Many offer higher capital and lower leverage requirements as a solution to the problem of the recent banking crisis. However, it is a risk preference problem and it is not a capital or leverage problem. As anyone familiar with financial theory knows, leverage can be placed anywhere in the investment chain to create a higher risk level. Higher leverage is just a way to increase risk and the potential return.
So, if capital is increased at the bank level (lower leverage and lower risk), banks will either invest in riskier products or make safer investment products riskier by incorporating leverage into the product directly or implicitly, such as through embedded options, etc.
Using residential mortgages as an example, their risk is increased by going from 80 percent loan to value to 100 percent loan to value. Additional risk is created by lending to lower credit worthy borrowers.
When the mortgages are packaged as investment products, borrowed funds can be used to increase the value of mortgages in the product so that the total mortgage value exceeds the equity investment in the product, which increases their riskiness. The investors in these leveraged products can borrow funds themselves to increase their equity investment in the leverage products, further increasing the risk to the investors.
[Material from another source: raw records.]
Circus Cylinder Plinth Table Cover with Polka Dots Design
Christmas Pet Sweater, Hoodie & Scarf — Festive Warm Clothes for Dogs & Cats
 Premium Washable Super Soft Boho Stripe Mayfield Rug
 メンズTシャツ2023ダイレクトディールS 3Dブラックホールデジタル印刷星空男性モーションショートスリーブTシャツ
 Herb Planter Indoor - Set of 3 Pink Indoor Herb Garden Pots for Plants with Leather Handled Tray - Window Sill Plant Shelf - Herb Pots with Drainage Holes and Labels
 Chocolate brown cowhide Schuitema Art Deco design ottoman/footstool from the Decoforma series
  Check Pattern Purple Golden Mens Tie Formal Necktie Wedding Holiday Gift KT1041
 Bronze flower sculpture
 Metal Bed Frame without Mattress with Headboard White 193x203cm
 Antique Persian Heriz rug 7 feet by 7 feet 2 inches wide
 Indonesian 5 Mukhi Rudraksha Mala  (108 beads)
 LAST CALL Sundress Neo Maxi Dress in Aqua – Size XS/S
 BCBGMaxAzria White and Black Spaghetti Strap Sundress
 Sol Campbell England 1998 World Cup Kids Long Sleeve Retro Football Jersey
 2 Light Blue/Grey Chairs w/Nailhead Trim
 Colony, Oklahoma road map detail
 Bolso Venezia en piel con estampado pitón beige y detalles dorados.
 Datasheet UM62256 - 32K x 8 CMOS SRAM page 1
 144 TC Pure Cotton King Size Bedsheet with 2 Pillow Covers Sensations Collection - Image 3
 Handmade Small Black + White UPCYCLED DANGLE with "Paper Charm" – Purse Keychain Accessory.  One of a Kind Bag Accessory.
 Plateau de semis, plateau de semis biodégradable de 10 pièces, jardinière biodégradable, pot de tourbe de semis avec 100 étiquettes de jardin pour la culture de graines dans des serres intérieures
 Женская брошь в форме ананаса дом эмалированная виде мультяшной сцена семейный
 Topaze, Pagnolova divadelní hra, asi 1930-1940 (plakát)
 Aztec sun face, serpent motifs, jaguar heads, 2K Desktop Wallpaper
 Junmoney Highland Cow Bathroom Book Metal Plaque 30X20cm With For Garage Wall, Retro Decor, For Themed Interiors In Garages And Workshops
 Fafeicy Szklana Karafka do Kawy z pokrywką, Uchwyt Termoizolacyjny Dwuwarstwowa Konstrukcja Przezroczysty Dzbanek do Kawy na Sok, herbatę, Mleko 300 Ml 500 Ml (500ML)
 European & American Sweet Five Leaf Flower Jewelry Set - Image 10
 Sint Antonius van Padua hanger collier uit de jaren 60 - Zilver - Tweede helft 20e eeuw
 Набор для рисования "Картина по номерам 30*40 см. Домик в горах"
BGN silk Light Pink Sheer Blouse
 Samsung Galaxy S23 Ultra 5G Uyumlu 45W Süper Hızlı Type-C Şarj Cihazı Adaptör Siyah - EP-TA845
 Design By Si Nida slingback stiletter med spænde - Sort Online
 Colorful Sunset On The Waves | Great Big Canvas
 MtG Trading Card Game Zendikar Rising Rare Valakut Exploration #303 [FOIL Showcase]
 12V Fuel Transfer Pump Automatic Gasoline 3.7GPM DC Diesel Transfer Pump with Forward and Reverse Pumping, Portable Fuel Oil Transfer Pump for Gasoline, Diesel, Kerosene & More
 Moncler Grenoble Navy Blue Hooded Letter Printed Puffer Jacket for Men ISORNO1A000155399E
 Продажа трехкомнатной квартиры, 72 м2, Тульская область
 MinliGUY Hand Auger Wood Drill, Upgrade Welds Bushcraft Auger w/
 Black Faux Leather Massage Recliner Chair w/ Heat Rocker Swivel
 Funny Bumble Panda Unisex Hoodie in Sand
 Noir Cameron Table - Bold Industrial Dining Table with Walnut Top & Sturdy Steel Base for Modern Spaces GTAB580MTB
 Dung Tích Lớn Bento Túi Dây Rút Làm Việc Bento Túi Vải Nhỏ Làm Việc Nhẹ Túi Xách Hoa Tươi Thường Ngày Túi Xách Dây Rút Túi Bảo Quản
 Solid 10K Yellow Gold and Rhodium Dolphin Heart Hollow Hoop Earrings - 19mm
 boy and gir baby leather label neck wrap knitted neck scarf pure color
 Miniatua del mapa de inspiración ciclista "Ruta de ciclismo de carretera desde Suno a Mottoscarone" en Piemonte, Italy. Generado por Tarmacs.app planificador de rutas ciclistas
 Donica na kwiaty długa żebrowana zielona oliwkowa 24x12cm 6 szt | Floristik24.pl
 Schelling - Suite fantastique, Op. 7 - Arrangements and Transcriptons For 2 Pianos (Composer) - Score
The investor's risk preference ultimately determines the amount of risk in the invested products. There are too many ways to increase risk. Regulations and regulatory supervision will not stop excessive risk from occurring if that is what the bank or any other investor desires.
It is a rehash of the old Modigliani-Miller problem about the optimal capital structure. A bank with low leverage can invest in riskier products to achieve the same total institutional risk that higher leverage would achieve. Despite the regulators' attempt to prevent increased risk, an institution with a higher risk tolerance will find ways to invest in products that match its risk profile. The risk to the institution will not be lower with higher capital amounts.
As Arnold Kling stated, "the problem was not a gap in regulatory structure." What would cause financial institutions to take on so much risk that the continued existence of the entire institution was in jeopardy?
Moral hazard and incentive compensation themselves cannot explain the institutional behavior. Participants, many of whom had restricted company stock, risked too much of their own personal wealth, careers and reputations for the bonus compensation structure to be the answer. Furthermore, many of the investors, including the investment and commercial banks, are too sophisticated not to have understood the risk, despite the credit rating agencies' stamp of approval and their post mortem statements.
While there are many "expert" answers proffered, none offer an adequate explanation of why institutions took on so much risk. Many sophisticated investors and financial institutions either misread the risk in the market or intended to take on excessive risk. Both are troubling and not easily fixed.